Defendant pleaded five-year prescription in bar of plaintiff’s action to set aside this contract of settlement, citing Civ.Code, art. 3542, which provides that actions for nullity or rescission of contracts, testaments, or other acts, are prescribed by five years.

But it was held in Mulford v. Wimbish, 2 La.Ann. 443 (to quote the syllabus), that "actions to rescind or annul agreements on account of error, fraud, or violence, are prescribed only by ten years; to be calculated, in cases of error or fraud, from the day on which either was discovered.” That case is on all fours with this one and has never been overruled. It was there held that article 3542 of the Civil Code has no application to a case of this kind, the rule applicable being found in article- 2221 of the Civil Code, which provides that:

“In all cases, in which the action of nullity or of rescission of an agreement, is not limited to a shorter period by a particular law, that action may be brought within ten years.”

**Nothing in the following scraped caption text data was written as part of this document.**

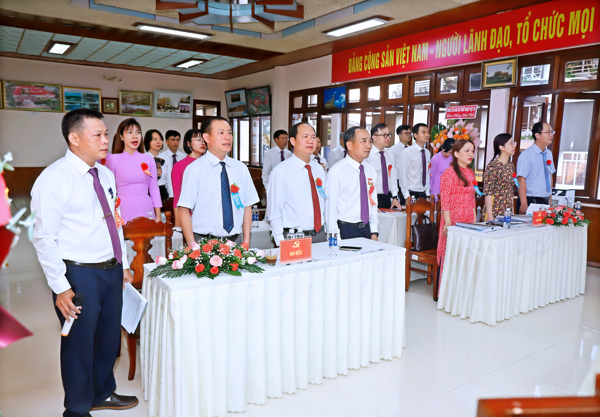 Đại hội Chi bộ Quỹ Đầu tư phát triển Đắk Lắk nhiệm kỳ 2025-2030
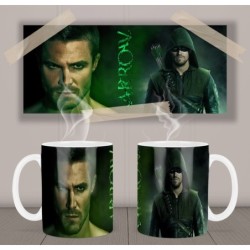 Arrow Stephen Amell A Mv Tazza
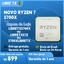 Imagem da oferta Processador AMD Ryzen 7 5700X 3.4GHz (4.6GHz Max Turbo) Cache 36MB AM4 Sem Vídeo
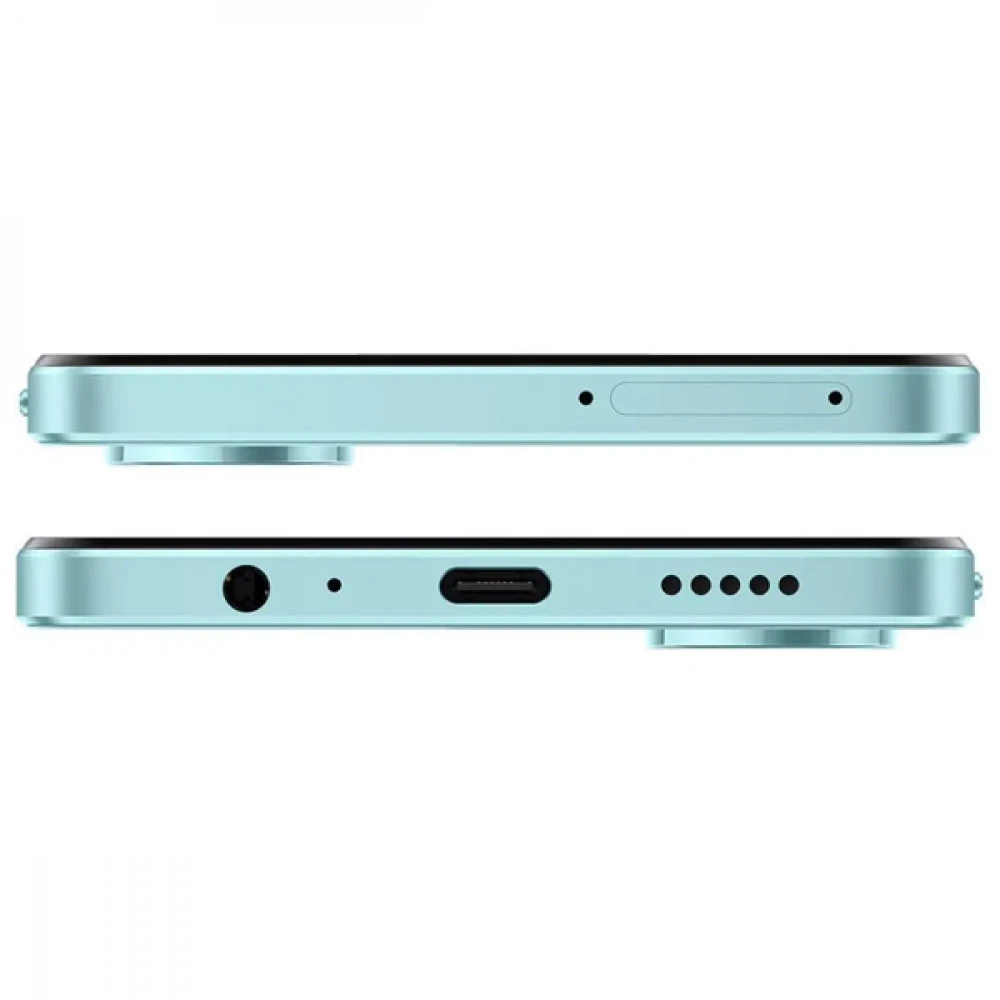 Смартфон Honor X5 Plus (4/64GB) Cyan Lake X5 PLUS WOD-LX1/4GB/64GB/CYAN LAKE 64 Гб, 4 Гб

In the case of Weathersby v. Springfield Lumber Co., Ltd., 141 La. 577, 75 So. 416, this court said:

“The apparent conflict between these two articles [Nos. 2221 and 3542] was very fully considered in Brownson v. Weeks, 47 La.Ann. 1042, 17 So. 489, where it was held that article 3542 applied to all cases where the ground of nullity was the incapacity of the person contracting. Plaintiff’s learned counsel invokes the earlier case of Mulford v. Wimbish, 2 La.Ann. 443, and other cases, but all this was threshed out in Brownson v. Weeks, and going once more over the same ground would serve no useful purpose.”

We think the plea of prescription has no merit.

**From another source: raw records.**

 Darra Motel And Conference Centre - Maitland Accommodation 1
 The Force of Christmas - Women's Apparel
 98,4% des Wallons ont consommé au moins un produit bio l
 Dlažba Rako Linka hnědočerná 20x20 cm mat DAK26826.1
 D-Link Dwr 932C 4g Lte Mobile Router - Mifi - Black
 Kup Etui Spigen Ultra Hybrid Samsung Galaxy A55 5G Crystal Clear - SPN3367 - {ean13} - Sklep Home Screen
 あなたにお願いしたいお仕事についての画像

The contract here attacked shows that. Mrs. Berry received absolutely nothing for her interest in the community. It recites that the consideration for her making it was that Mr. Berry assumed and agreed to pay the debts of the community, which were declared to amount to more “than the value of the property herein conveyed.”

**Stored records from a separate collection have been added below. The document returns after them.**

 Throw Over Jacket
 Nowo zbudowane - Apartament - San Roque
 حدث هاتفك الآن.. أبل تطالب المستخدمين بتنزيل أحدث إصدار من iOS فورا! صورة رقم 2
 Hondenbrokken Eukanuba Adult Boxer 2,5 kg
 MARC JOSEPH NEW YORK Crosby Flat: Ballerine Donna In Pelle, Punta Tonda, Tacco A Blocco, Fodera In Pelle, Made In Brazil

The facts disclosed by the record show unmistakably that at the time the community was dissolved, there stood in the name of T. V. Berry numerous tracts of real estate situated in the parish of Franklin, and that he owned personal property, all of which having a value of more than $80,-000. It is further shown that the debts amounted to approximately $29,000. The witnesses called by plaintiff to testify as to the value of the real estate and personal property owned by the community at the time it was dissolved were prominent citizens, well acquainted with conditions and affairs generally in the parish of Franklin at that time, and had no interest whatsoever in the outcome of the litigation. Mr. Price, who testified as to the value of the principal items of real estate, was assessor for the parish for many years and thereafter was sheriff. Other citizens of equal prominence were called, and according to their testimony the real estate and the personal property were worth in 1928 $89,530.93. Deducting the debts, amounting to $29,406, there is left a net value of more than $60,000.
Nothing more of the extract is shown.